We ended up keeping Muffin because him and Doran got along so well, and if Doran was bugging Muffin (who liked it) he wasn't bugging the girls.


----------



## Wannabe Catlady (Aug 6, 2012)

My first kitty was an impulse buy, lol! I went to visit the animal shelter to see about volunteering, and I was wandering around looking at all the cats while I waited. There was this group of gorgeous blue eyed fluffy kittens right next to a cage with a scrawny, shaggy black kitten. A volunteer stopped by to tell me that the rest of the scrawny kittens siblings had been adopted over a week ago, so he might be getting moved to make space. So, a half hour later, he was home with me! He was so tiny, but after I let him out of their cardboard carrier, he was running around, exploring, and giving me headbuts. 
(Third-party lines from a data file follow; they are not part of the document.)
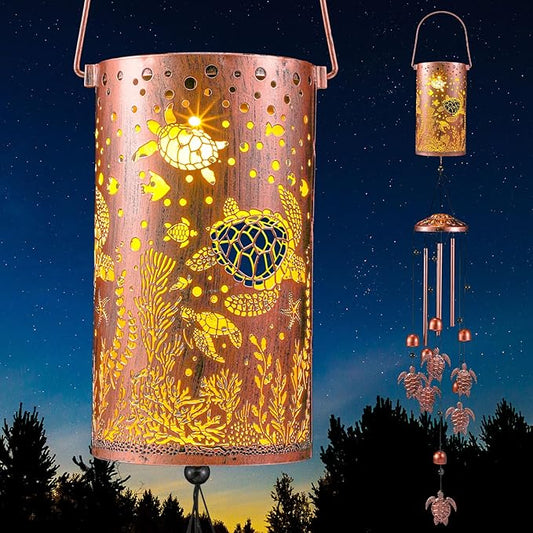 Retisee Sea Turtle Design Solar Wind Chimes Outdoor Metal Turtle Gifts Solar Light Windchimes Outside Indoors Christmas Decoration Birthday Gift for Home Lawn Porch Patio Garden Yard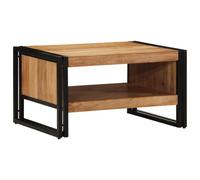 ULUYYUC Tavolino da Salotto in Legno Massello di Acacia con Ferro, 70x50x38 cm, Tavolino Basso Multiuso per Interni ed Esterni, per Divano, Balcone e Soggiorno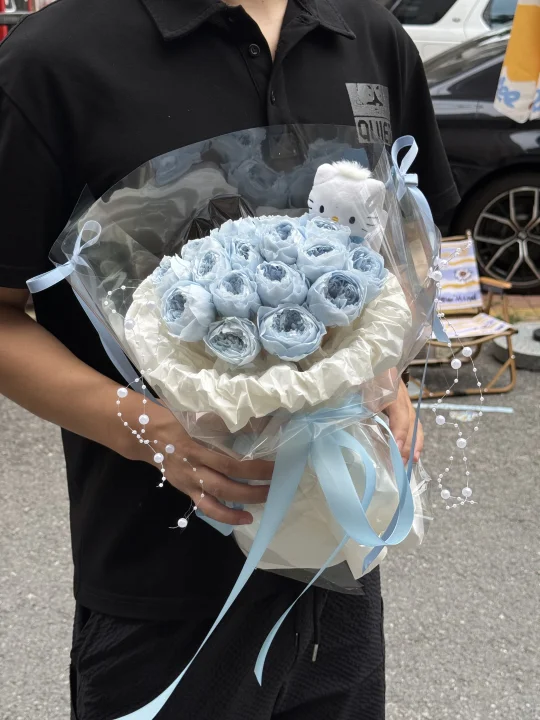 永生花kitty 花束，送给我最爱的人🩵🩵🩵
My second kitty I found on a rescue site. It was the day of my college graduation, and I was browsing their site, and I saw his derpy cross-eyed face, and I knew it was it. I put in an application, and a week later drove 4 hours each way with my mom to go get him. He instantly bonded with my other kitty and even fell in love with my parents dog!


Sent from Petguide.com Free App


----------



## -Ann- (Jun 30, 2006)

With Cooper, we actually picked out the two gray ones to be ours. Then my sneaky coworker talked the lady into giving HER the gray ones, so we got the orange ones. It turned out great because Cooper is the best cat EVER. 

With Chloe, we were looking for a playmate for Cooper since our other kitten developed FIP and passed away. We saw her at the shelter with her weird coloring and her slightly crossed eyes, and I thought to myself, she's soooo not cute. Nobody is going to want to adopt her. So I did. Now everyone says she's gorgeous. I have to agree.

Then there's Cole... my husband said I stole him... I disagree. But in any case, he's mine now. His owner turned him over to Animal Control saying he was aggressive, and he _almost_ got put down because of it. I had it put on his records that I wanted to adopt him when his quarantine period was over so they let me. If it hadn't been for that, he wouldn't be with us today.


----------



## Andrilla1 (Jul 29, 2013)

Aww, those are such good stories! I think I'll add another. It is sort of a three for one deal.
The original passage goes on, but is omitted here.